Dem zweiten Beschuldigten wirft die BA vor, das Fabrikations- oder Geschäftsgeheimnis mehrfach ausgenützt (Art. 162 Abs. 2 StGB und Art. 6 i.V.m. Art. 23 UWG)* sowie den Tatbestand des wirtschaftlichen Nachrichtendienstes (Art. 273 StGB) mehrfach und den Tatbestand der Bestechung (Art. 322octies StGB und Art. 4a Abs. 1 Bst. b i.V.m. Art. 23 UWG)* erfüllt zu haben.
Angeklagte Sachverhalte
Die BA hat auf Grundlage einer Anzeige der Eidgenössischen Finanzmarktaufsicht FINMA im April 2016 gegen Hans Ziegler ein Strafverfahren eröffnet wegen des Verdachts auf Ausnützen von Insiderinformationen. Nach der Feststellung neuer Sachverhalte wurde das Strafverfahren im Juli 2017 ausgedehnt auf den zweiten Beschuldigten sowie auf die Straftatbestände der Verletzung des Fabrikations- oder Geschäftsgeheimnisses und der Bestechung Privater.

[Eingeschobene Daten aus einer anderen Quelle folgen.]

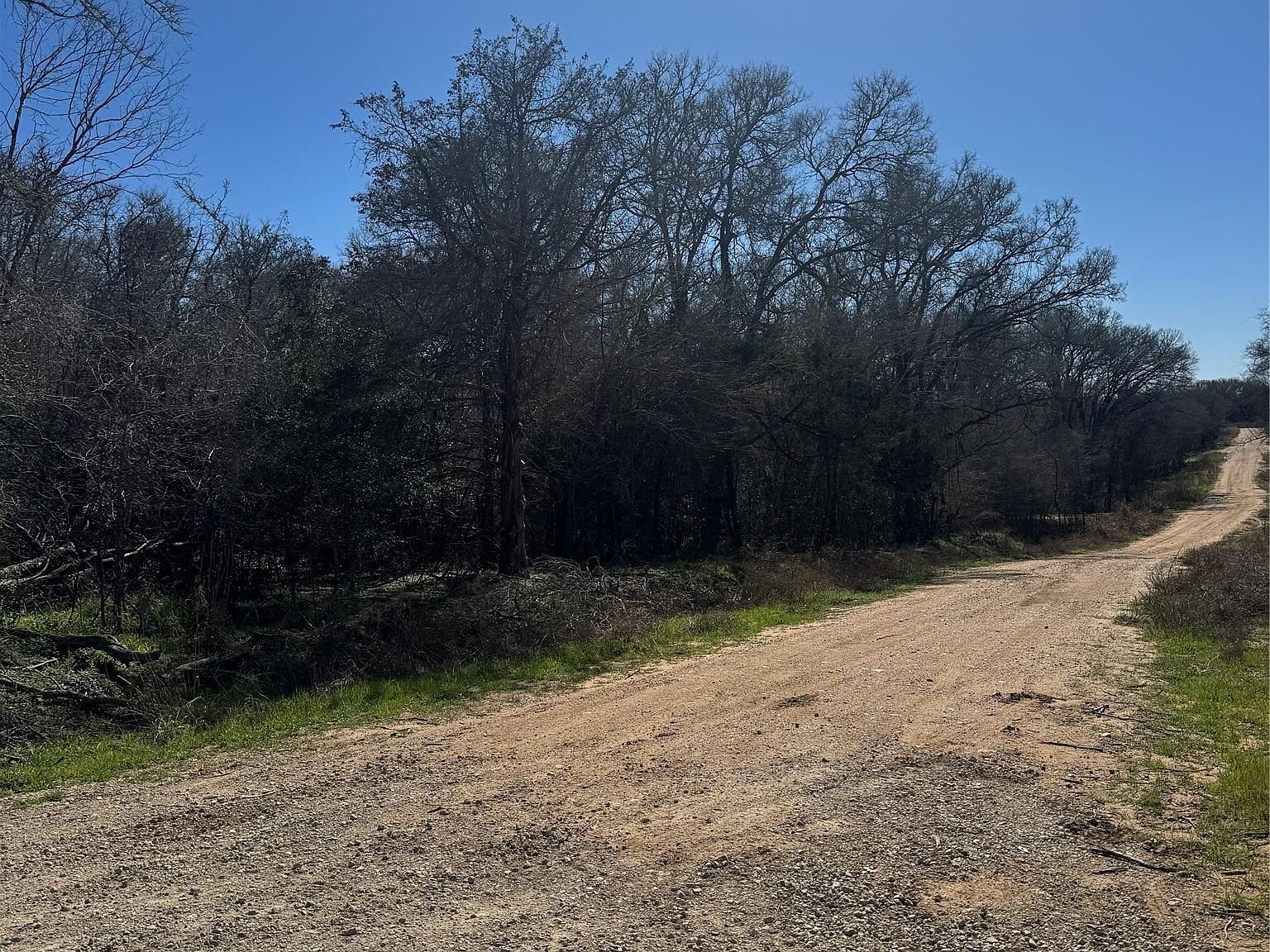 LOT 321 Kolekole Ln Bastrop, TX 78602 - Thumbnail 2
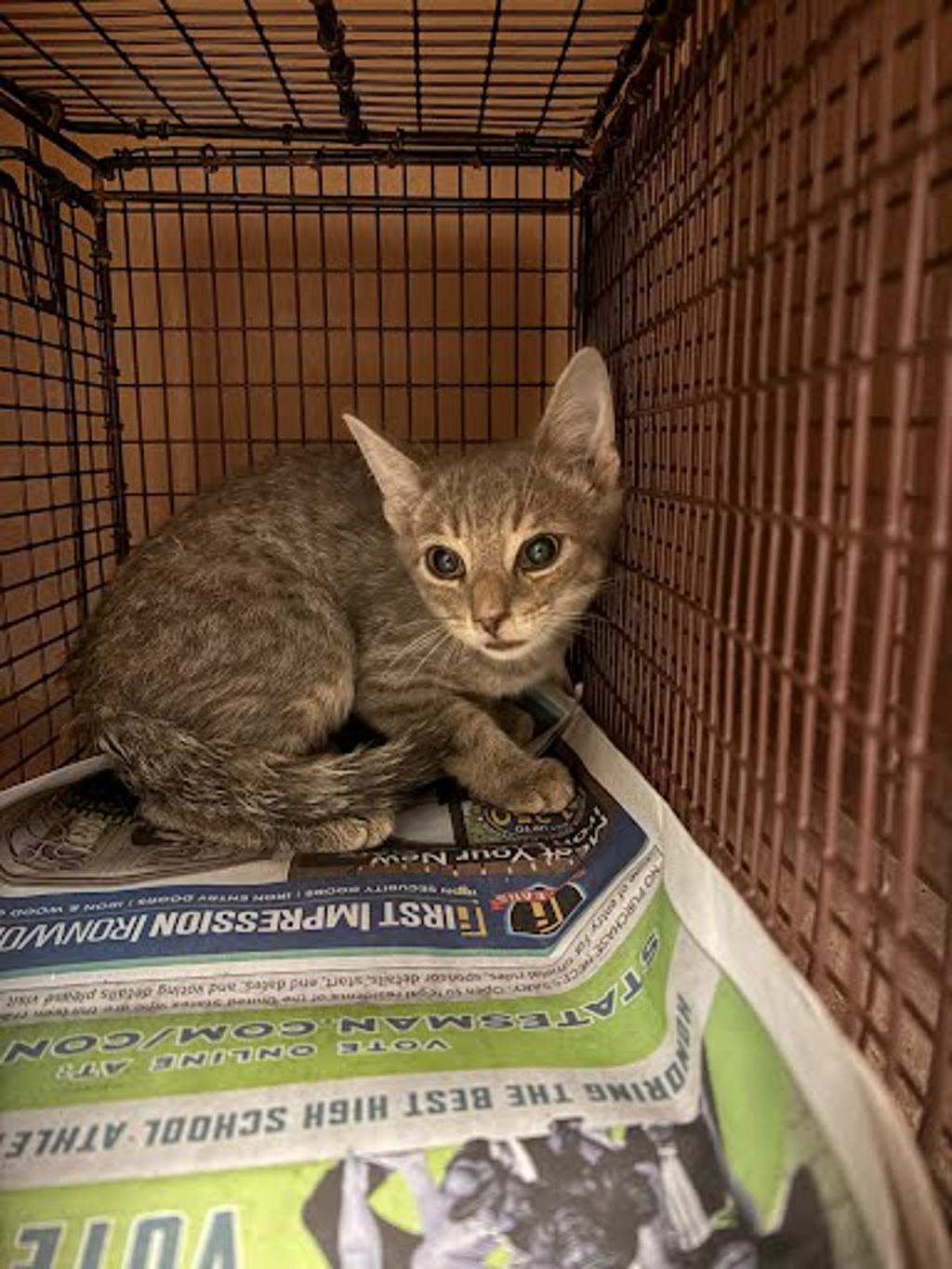 Shelter Stray Unknown Cat last seen Near Branrust Drive, AUSTIN, TX, 78744, 7201 Levander Loop bldg a, Austin, TX 78702, USA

Nach Ermächtigung zur Strafverfolgung durch das Eidgenössische Justiz- und Polizeidepartement EJPD hat die BA im Mai 2018 das Strafverfahren gegen beide Beschuldigte auch auf den Straftatbestand des wirtschaftlichen Nachrichtendienstes ausgedehnt. Dieser Tatbestand wird verfolgt, wenn ein Fabrikations- oder Geschäftsgeheimnis unter anderem einer ausländischen privaten Unternehmung oder ihren Agenten zugänglich gemacht wird.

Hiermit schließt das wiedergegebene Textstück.